Consider the diaphragm of a loudspeaker, and the velocity of the gas molecules impinging on it; specifically the component of the velocity perpendicular to the plane of the diaphragm.

With the diaphragm at rest, the molecules bounce off it with their initial velocities reversed - the average velocity of the bounced molecules will be the same as that of the approaching molecules. To reverse the motion of the molecules a force is required. This is exerted by the diaphragm on the molecules. Newton's 3rd Law says that there must be a reaction, which is the force exerted by the molecules on the diaphragm. Equally, you could say that the molecules are exerting the force, and the diaphragm is exerting the the reaction. It is entirely a matter of viewpoint.

Now move the diaphragm forward. Once it has moved and come to a stop the equal approaching and receding velocity situation applies. However, while the diaphragm is moving it imparts additional velocity to the bounced molecules. One way of looking at it is that we have placed a new surface for the molecules to bounce off ahead of the original one, and have dumped the molecules from between the surfaces back in front, having imparted to them a additional velocity away from the surface.

It should be clear that what we have is a volume containing extra molecules moving at an increased velocity. This is an overpressure, and it is clearly moving away from the diapgragm. However, behind this overpressure there is no underpressure - as long as the diaphragm remains in its forward position the equal forward and reverse velocity scenario applies.

It is only when the diaphragm retreats, at which point the bounce velocities are reduced and the extra volume has to be filled, that the pressure is reduced. Thus the underpressure phase is not a direct result of the overpressure phase, but is a result of the cyclic nature of the motion of the diaphragm.

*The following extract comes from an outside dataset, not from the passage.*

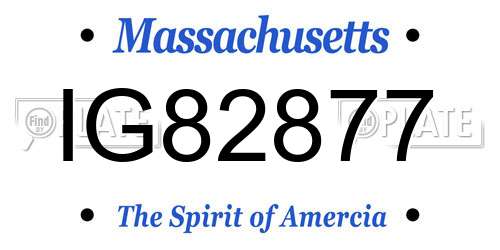 IG82877 Massachusetts License Plate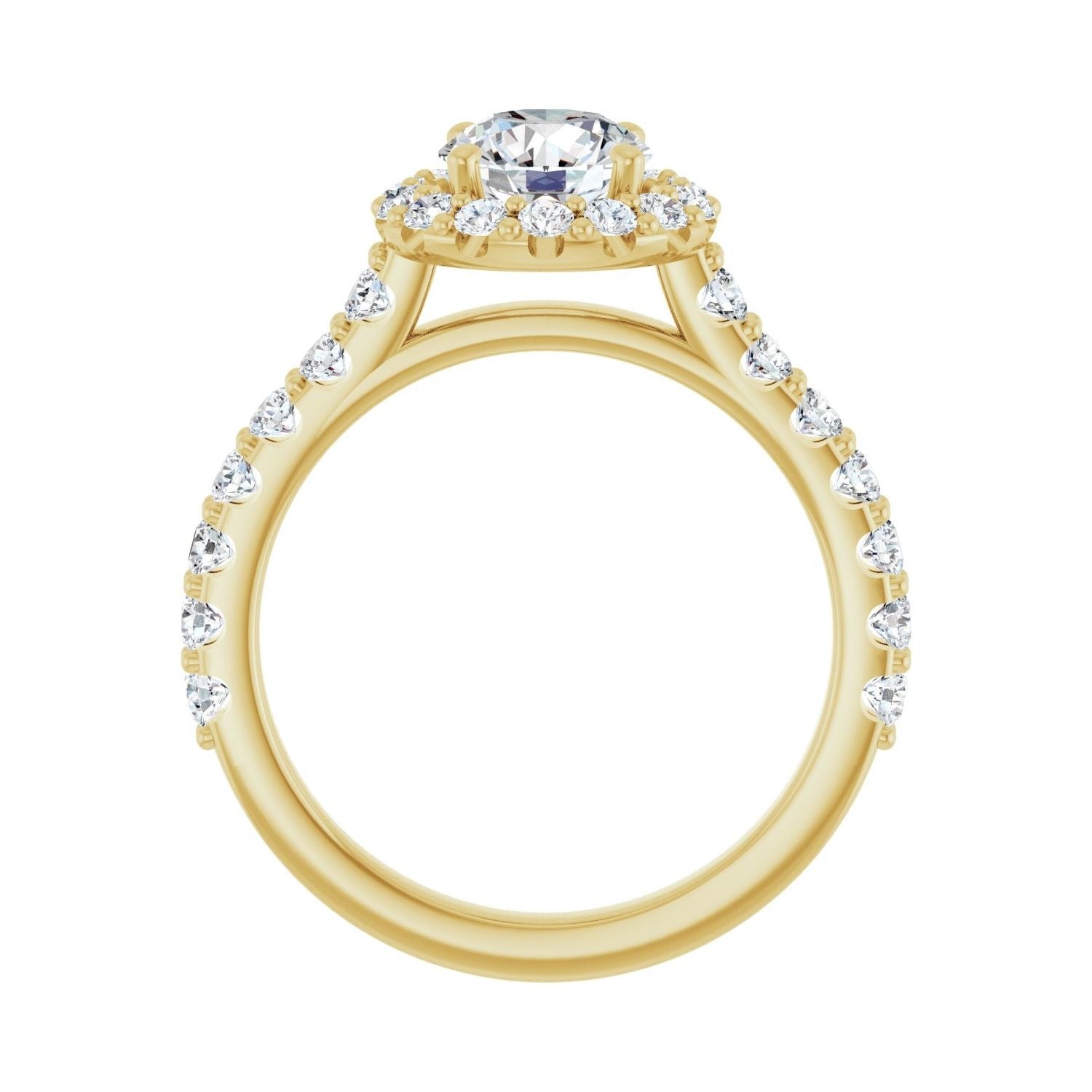 Sapphire Row Lab-Grown Round Diamond Halo-Style Engagement Ring - 14K Yellow Gold, 1 3/4 ctw (view 2)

I've omitted the implications of collisions between the molecules moving in opposite directions. In the overpressure phase, the outgoing molecules have more momentum (on average) so that when they collide with inbound molecules, they will (on average) slow them down. This will tend to reduce the inbound velocity somewhat. It is related to the disparity in momentum, so for loudspeakers (where the overpressure is small) and for nuclear fireballs (where the overpressure is enormous) the effect is large. It is a conservation of momentum issue, not a 3rd Law one (except in that there is acceleration, so there is force, so there must be a reaction,) and the inward force does not "follow" the outward one - it is the consequential reduction in the inward velocity that is seen to "follow".

The "outward force" of an explosion is the initial conversion of stored energy into kinetic energy. After that what is "outward" is motion (and momentum, etc.) The forces acting are due to the processes abstracting energy. The "inward force" abstracts the energy; the "outward force" is the 3rd Law reaction delivering the energy.